Required work: If a record holds a picture, leave the picture out and repeat everything else exactly.

── Information shown ──

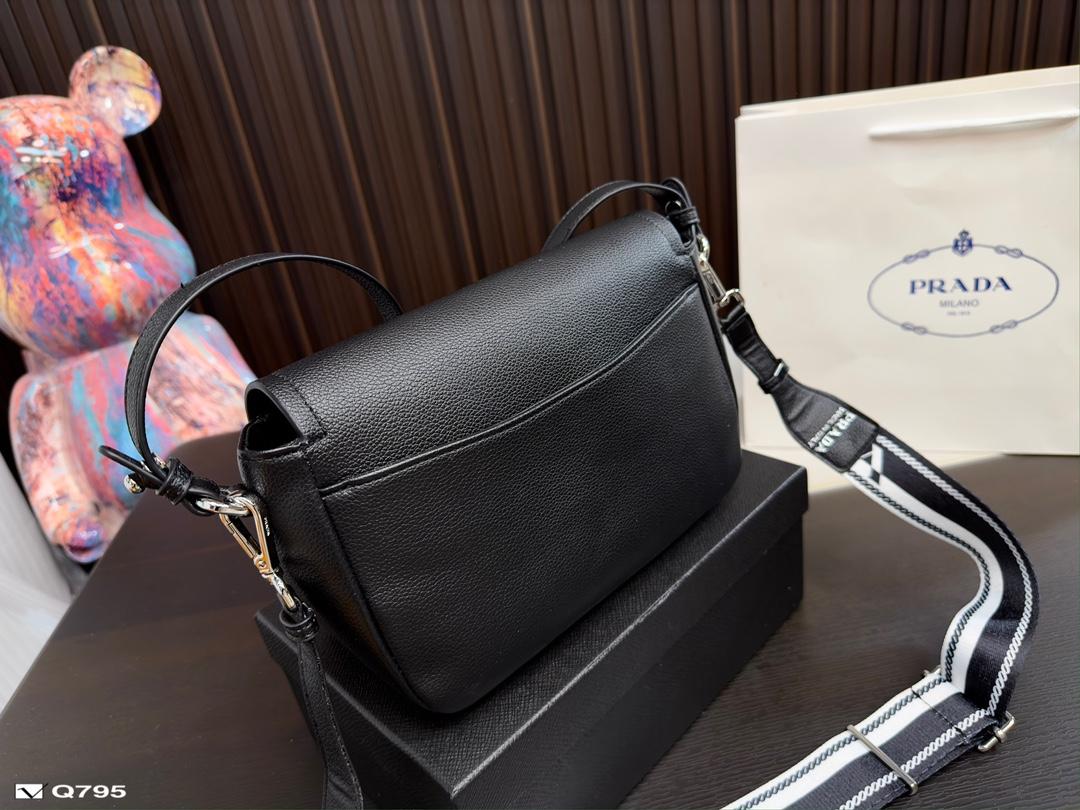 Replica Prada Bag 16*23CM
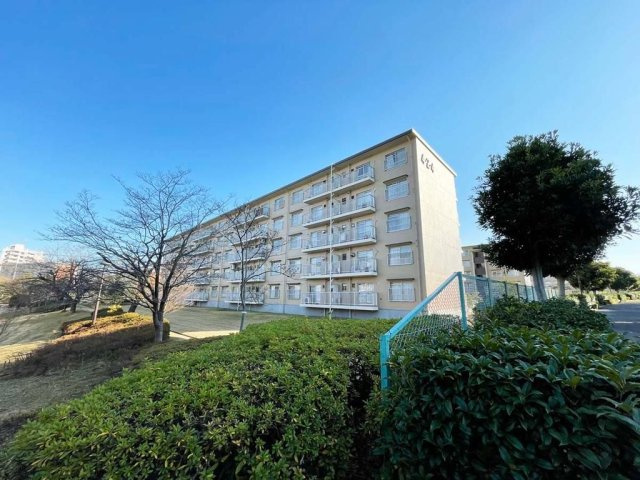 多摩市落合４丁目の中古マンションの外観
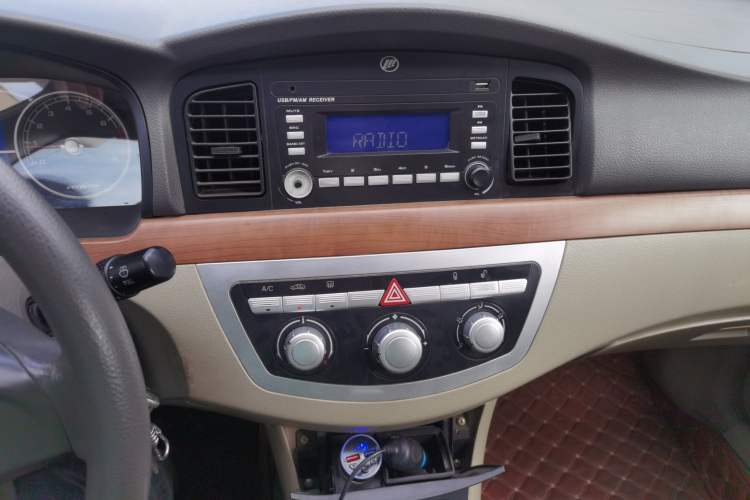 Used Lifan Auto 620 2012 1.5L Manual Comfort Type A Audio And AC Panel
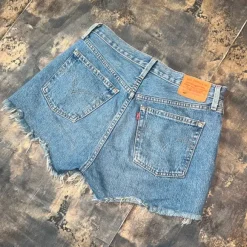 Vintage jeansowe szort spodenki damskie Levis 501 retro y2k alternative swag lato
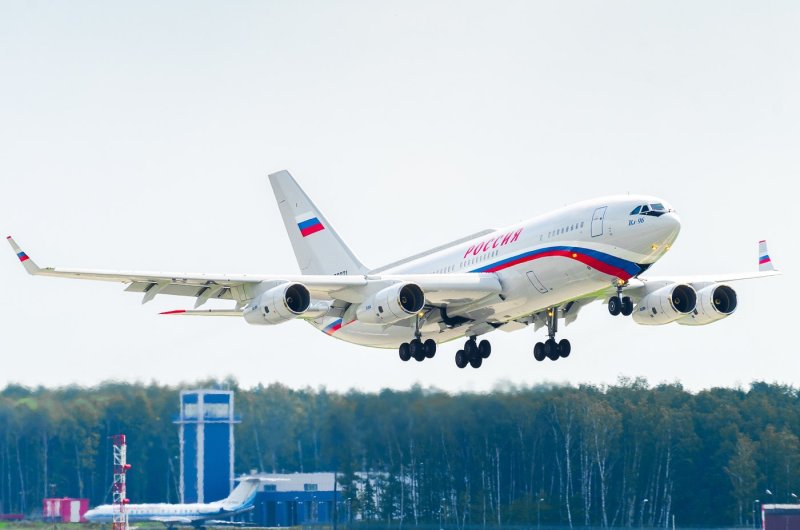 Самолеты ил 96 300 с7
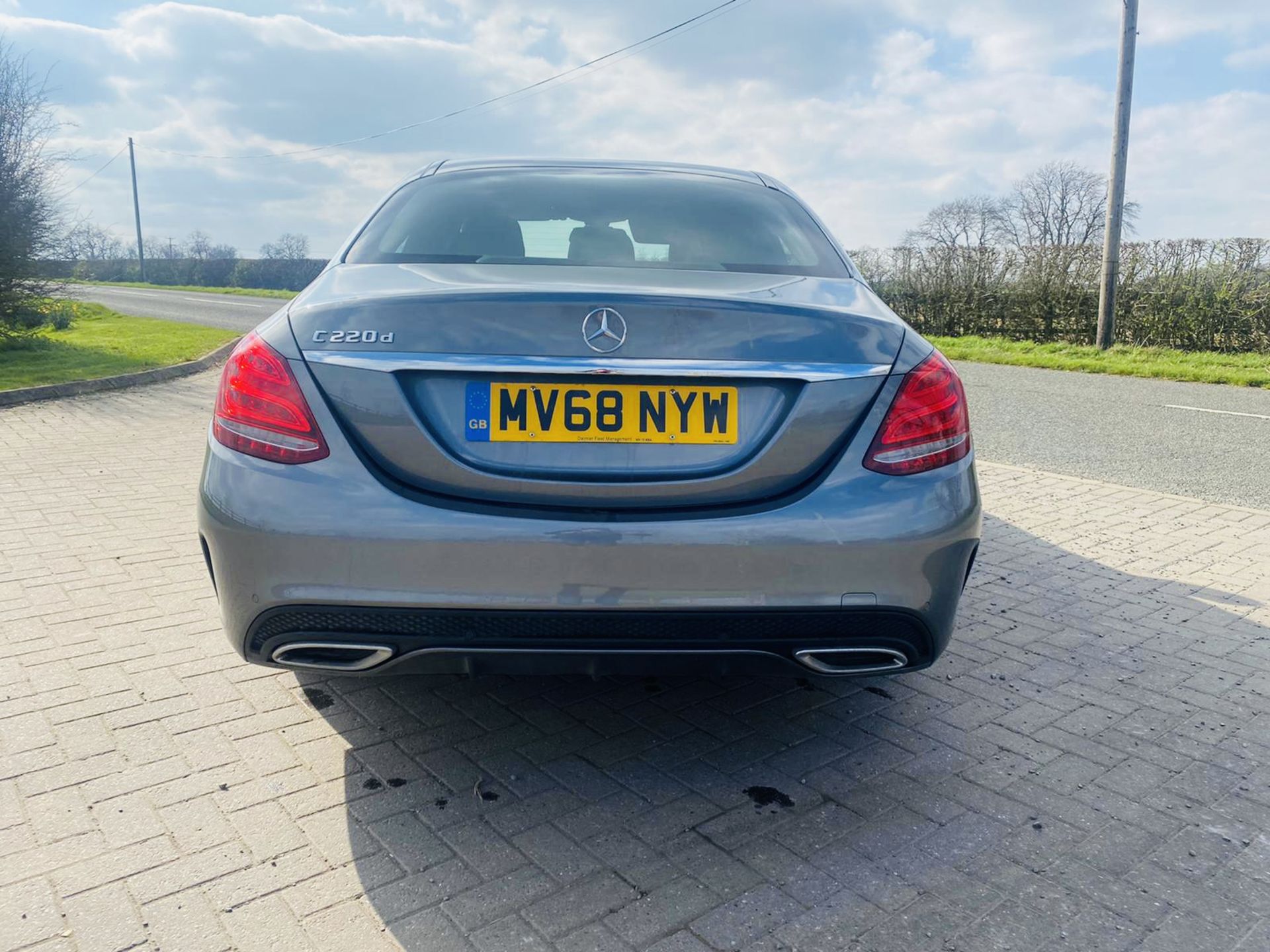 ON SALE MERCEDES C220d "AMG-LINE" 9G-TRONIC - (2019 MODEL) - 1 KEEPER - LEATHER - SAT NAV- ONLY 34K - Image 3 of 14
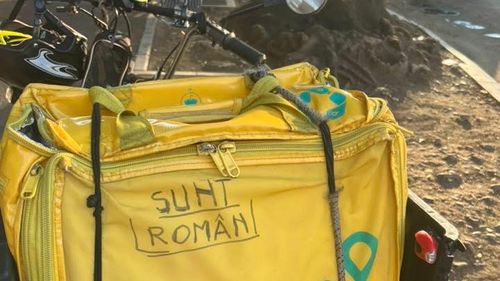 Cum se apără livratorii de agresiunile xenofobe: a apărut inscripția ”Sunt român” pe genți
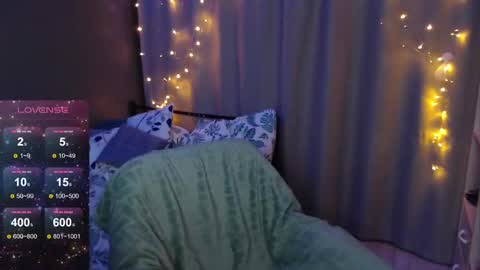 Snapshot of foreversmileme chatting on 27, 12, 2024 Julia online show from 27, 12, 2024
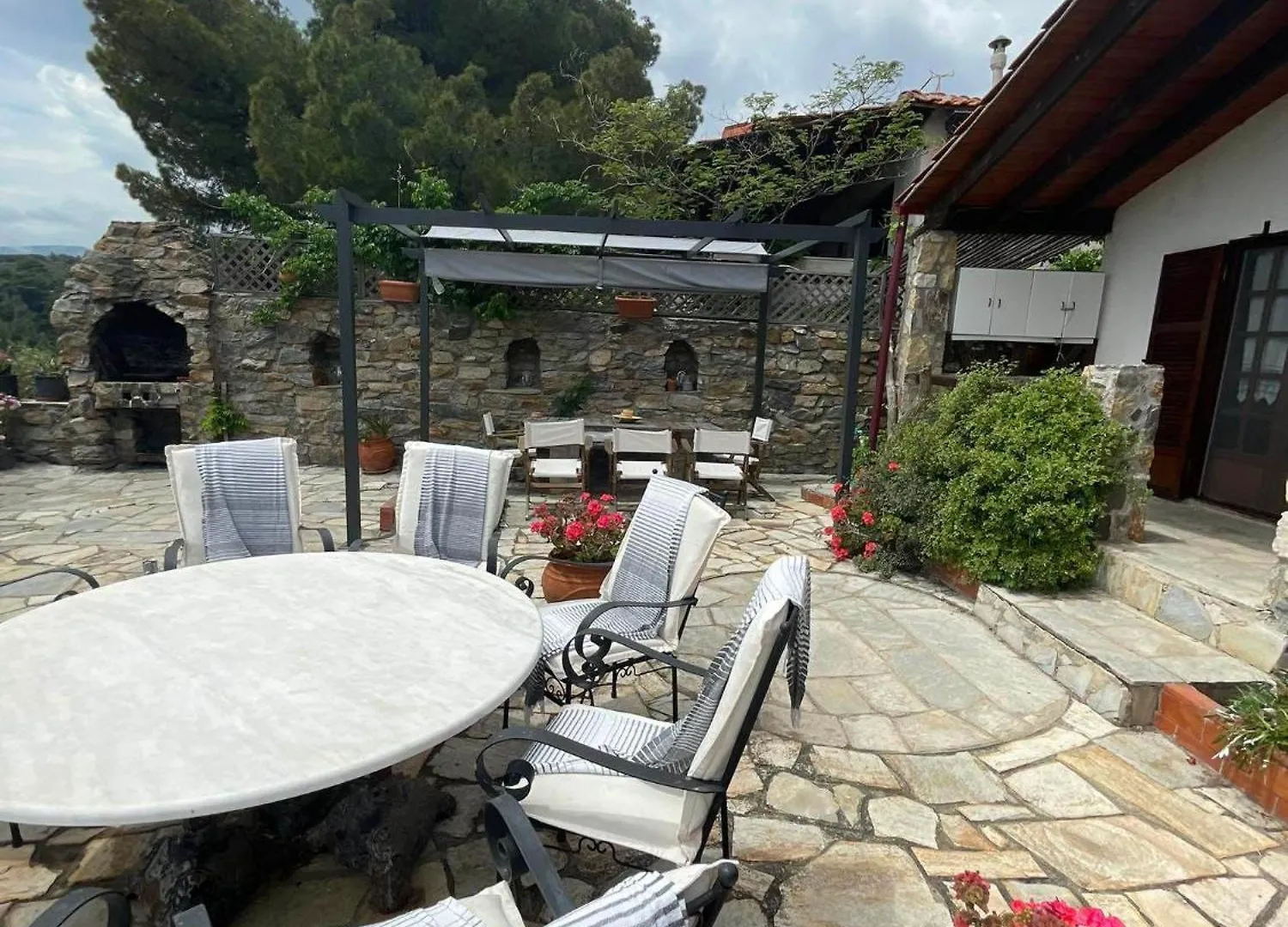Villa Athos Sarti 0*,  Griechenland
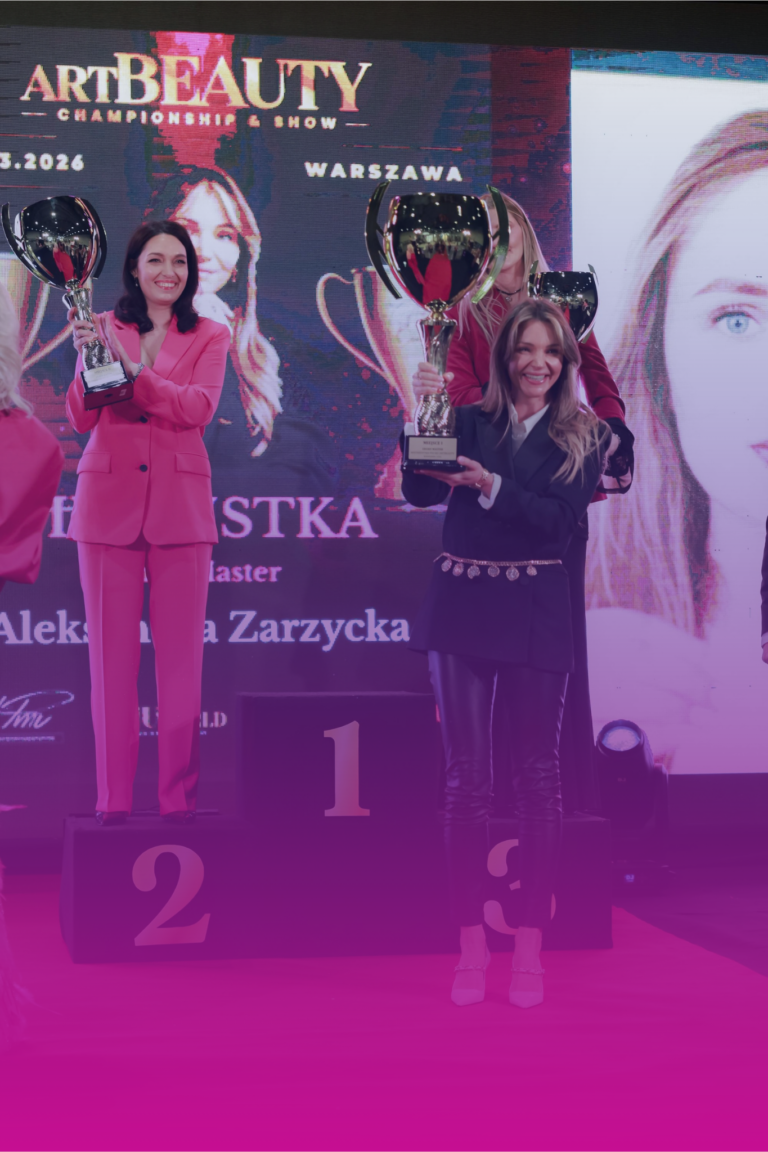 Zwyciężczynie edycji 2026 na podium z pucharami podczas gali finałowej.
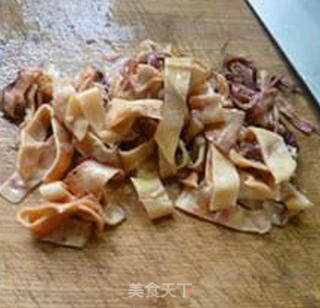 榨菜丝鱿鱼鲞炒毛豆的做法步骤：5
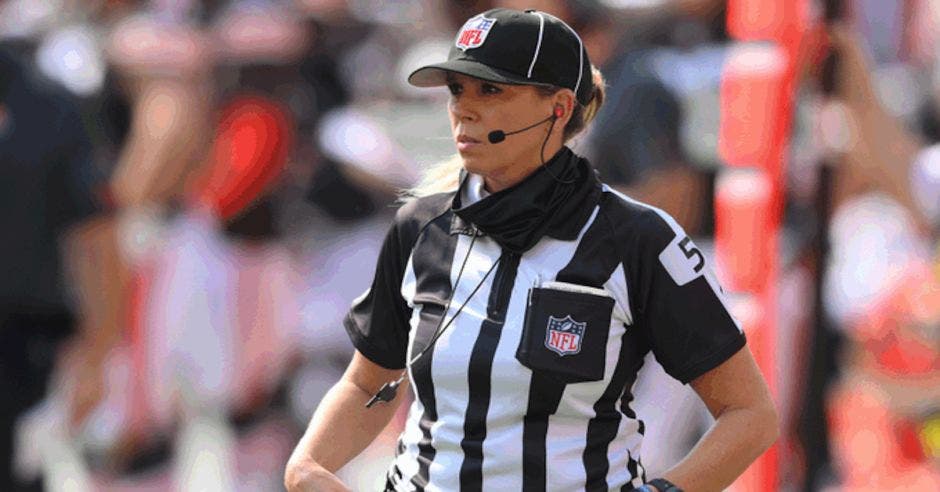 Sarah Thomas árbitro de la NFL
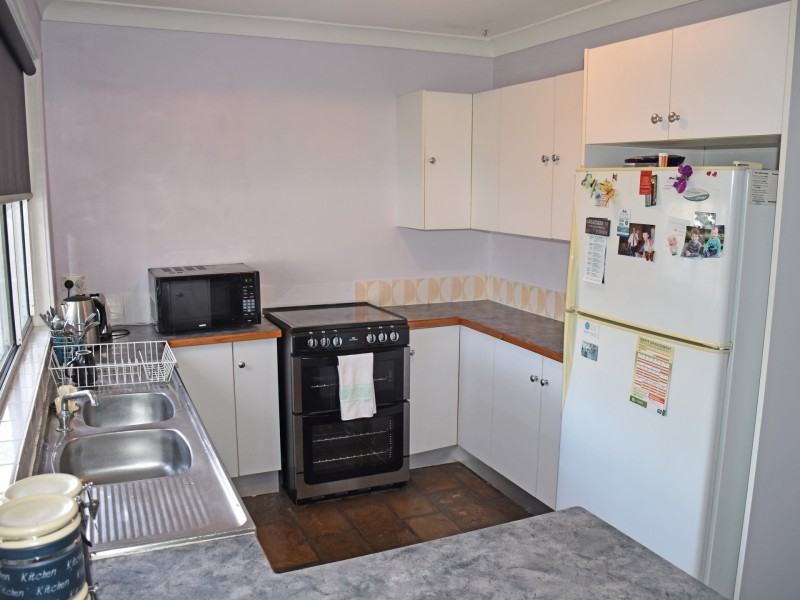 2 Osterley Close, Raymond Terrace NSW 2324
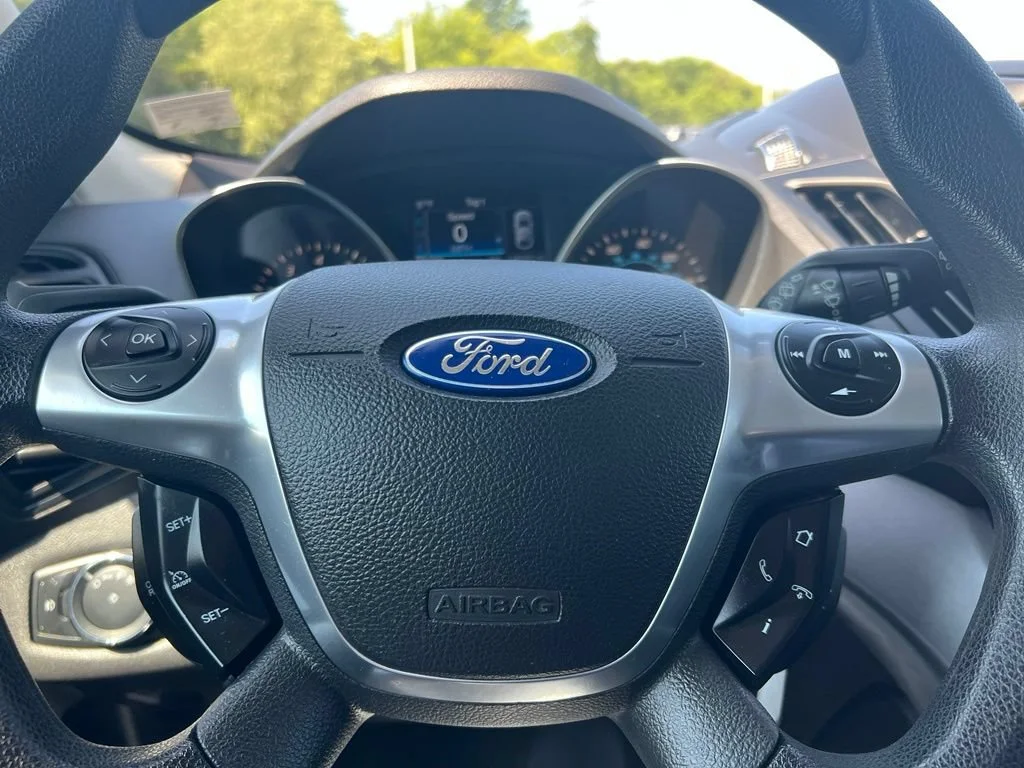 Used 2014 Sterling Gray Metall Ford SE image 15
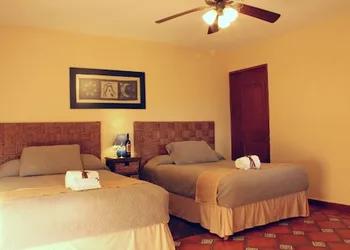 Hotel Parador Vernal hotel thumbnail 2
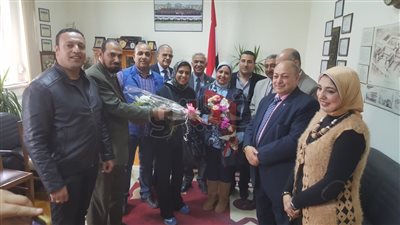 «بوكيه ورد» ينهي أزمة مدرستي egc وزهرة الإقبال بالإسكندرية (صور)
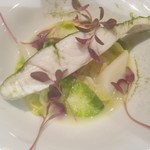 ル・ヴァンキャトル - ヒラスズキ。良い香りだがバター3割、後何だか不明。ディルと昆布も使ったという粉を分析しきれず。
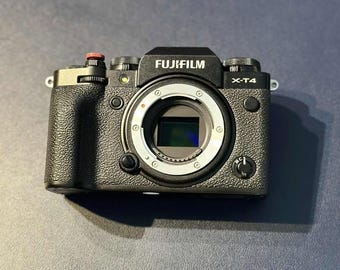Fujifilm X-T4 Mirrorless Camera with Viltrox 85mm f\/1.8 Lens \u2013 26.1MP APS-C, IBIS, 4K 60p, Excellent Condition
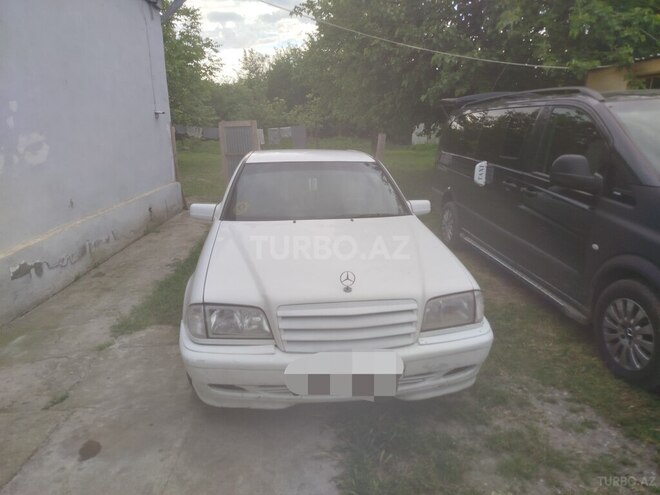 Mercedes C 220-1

───

Answer to the exercise:
 Replica Prada Bag 16*23CM
 多摩市落合４丁目の中古マンションの外観
 Used Lifan Auto 620 2012 1.5L Manual Comfort Type A Audio And AC Panel
 Vintage jeansowe szort spodenki damskie Levis 501 retro y2k alternative swag lato
 Самолеты ил 96 300 с7
 ON SALE MERCEDES C220d "AMG-LINE" 9G-TRONIC - (2019 MODEL) - 1 KEEPER - LEATHER - SAT NAV- ONLY 34K - Image 3 of 14
 Cum se apără livratorii de agresiunile xenofobe: a apărut inscripția ”Sunt român” pe genți
 Snapshot of foreversmileme chatting on 27, 12, 2024 Julia online show from 27, 12, 2024
Villa Athos Sarti 0*,  Griechenland
 Zwyciężczynie edycji 2026 na podium z pucharami podczas gali finałowej.
 榨菜丝鱿鱼鲞炒毛豆的做法步骤：5
 Sarah Thomas árbitro de la NFL
 2 Osterley Close, Raymond Terrace NSW 2324
 Used 2014 Sterling Gray Metall Ford SE image 15
 Hotel Parador Vernal hotel thumbnail 2
 «بوكيه ورد» ينهي أزمة مدرستي egc وزهرة الإقبال بالإسكندرية (صور)
 ル・ヴァンキャトル - ヒラスズキ。良い香りだがバター3割、後何だか不明。ディルと昆布も使ったという粉を分析しきれず。
Fujifilm X-T4 Mirrorless Camera with Viltrox 85mm f\/1.8 Lens \u2013 26.1MP APS-C, IBIS, 4K 60p, Excellent Condition
 Mercedes C 220-1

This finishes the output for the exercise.